Notifications can be managed in browser preferences.

Blair: `We'll build a Welfare State for the 21st century'

Anthony Bevins
Friday 16 January 1998 00:02 GMT
Comments

The failure of welfare was described in graphic detail by the Government yesterday, with Tony Blair taking charge of a campaign to deliver more help to the poor, while the well-off provide more help for themselves. Anthony Bevins, Political Editor, analyses the latest `Case for Welfare Reform'.

A package of seven welfare reform focus files yesterday described the problem with a welfare benefit system that, as the Prime Minister told the Cabinet, was no longer working.

"We are a party committed to social justice and yet there is more poverty and social division coming out of the current system, as well as a growing cost to ordinary taxpayers," he told his colleagues before embarking on his first roadshow meeting, in the West Midlands, to make a personal case for change.

The latest fact-packed dossier updates information last presented to the country in 1993 by Peter Lilley, the Tory social security secretary, in a document called, "The Growth of Social Security".

In that paper, Mr Lilley called for "constructive national debate" on how to improve help for the vulnerable, while keeping the system affordable.

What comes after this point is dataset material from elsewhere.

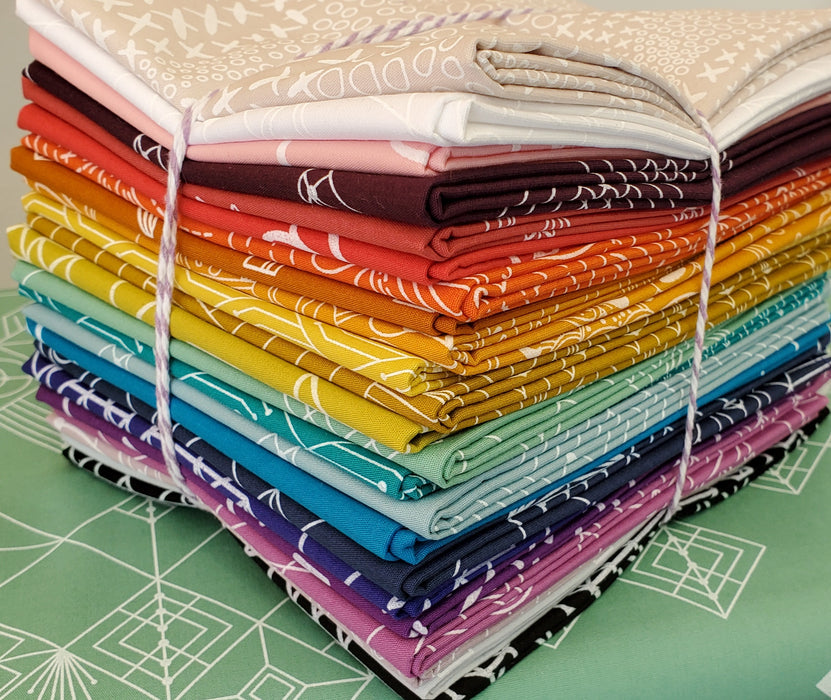 Designer Bundle - Andover Century Prints - Spectrum Mix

This time, however, Mr Blair is determined to see reform through, modernising the Welfare State just as he modernised the Labour Party - applying "traditional values in a modern setting".

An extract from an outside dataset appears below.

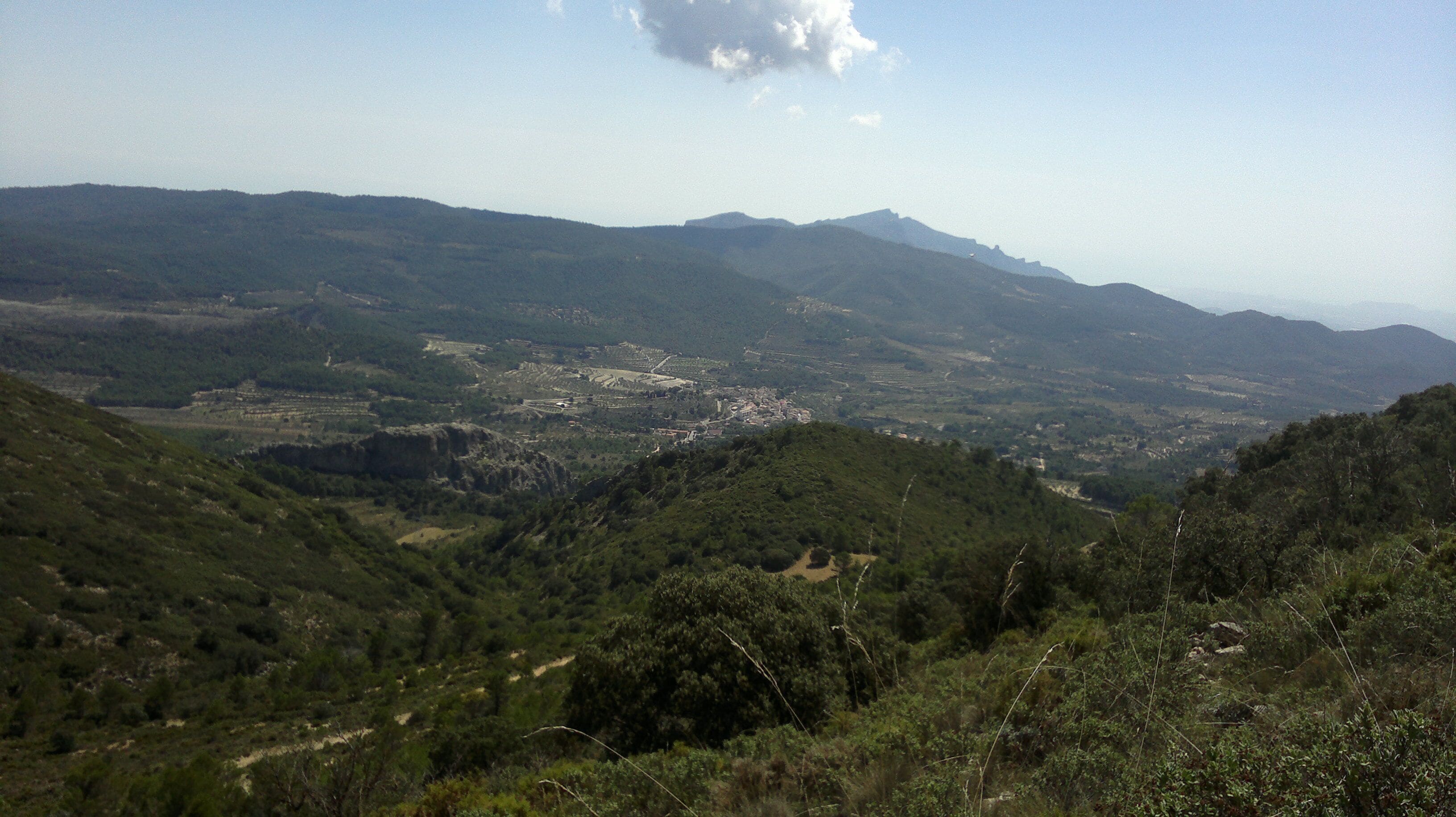 La Torre desde Els Plans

Yesterday's "Case for Welfare Reform" said: "Our aim is to build a Welfare State fit for the 21st century, which extends opportunity and security to all."

But the principles laid down by Lord Beveridge, founder of the modern Welfare State in 1948, would remain central.

"Society has a responsibility to help people in genuine need, who are unable to look after themselves; individuals have a responsibility to help provide for themselves when they can do so; work is the best route out of poverty for people who are able to work."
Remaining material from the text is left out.